#### [Activity]
Set down the entries exactly as they appear, apart from the images, which stay out.

(Pictures with short captions)

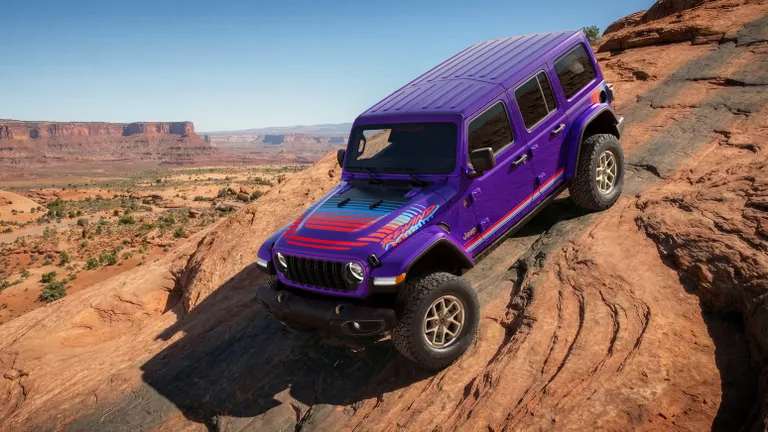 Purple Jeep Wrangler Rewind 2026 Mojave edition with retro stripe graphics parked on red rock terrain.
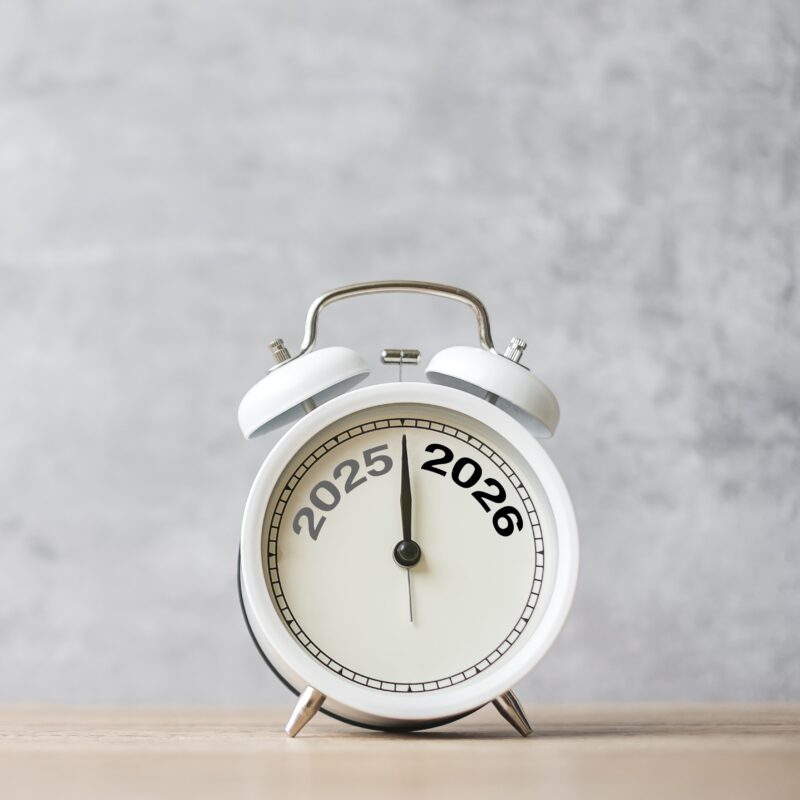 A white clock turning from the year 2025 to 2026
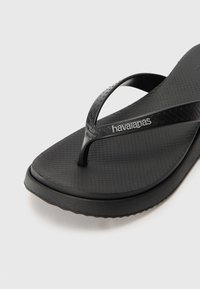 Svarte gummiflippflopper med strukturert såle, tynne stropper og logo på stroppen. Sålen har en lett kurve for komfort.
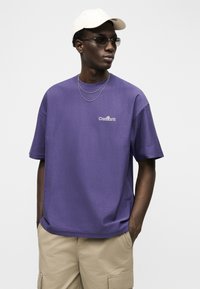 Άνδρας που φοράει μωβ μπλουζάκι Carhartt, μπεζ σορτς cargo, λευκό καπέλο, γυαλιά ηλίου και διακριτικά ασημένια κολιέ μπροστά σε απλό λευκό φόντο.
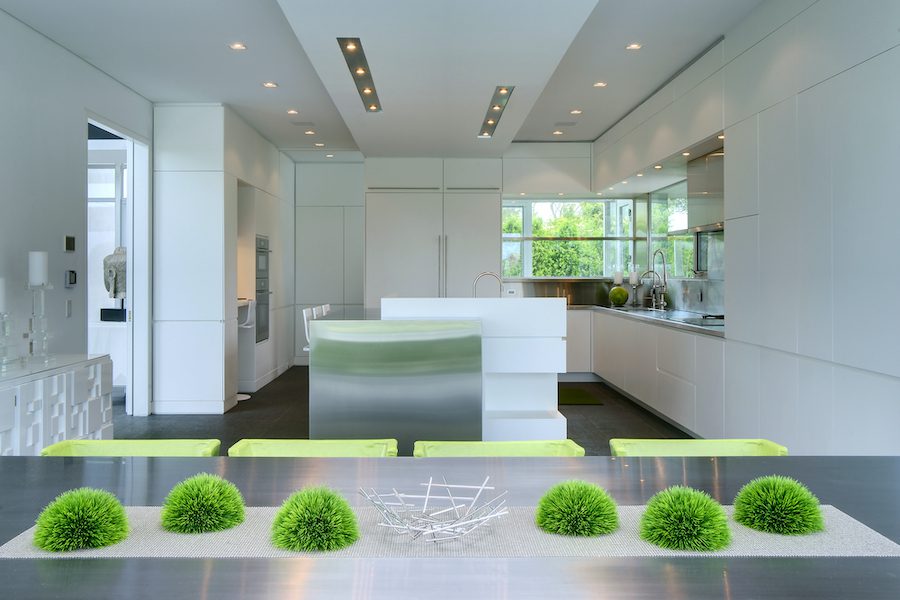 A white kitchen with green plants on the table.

#### [Task result]
 Purple Jeep Wrangler Rewind 2026 Mojave edition with retro stripe graphics parked on red rock terrain.
 A white clock turning from the year 2025 to 2026
 Svarte gummiflippflopper med strukturert såle, tynne stropper og logo på stroppen. Sålen har en lett kurve for komfort.
 Άνδρας που φοράει μωβ μπλουζάκι Carhartt, μπεζ σορτς cargo, λευκό καπέλο, γυαλιά ηλίου και διακριτικά ασημένια κολιέ μπροστά σε απλό λευκό φόντο.
 A white kitchen with green plants on the table.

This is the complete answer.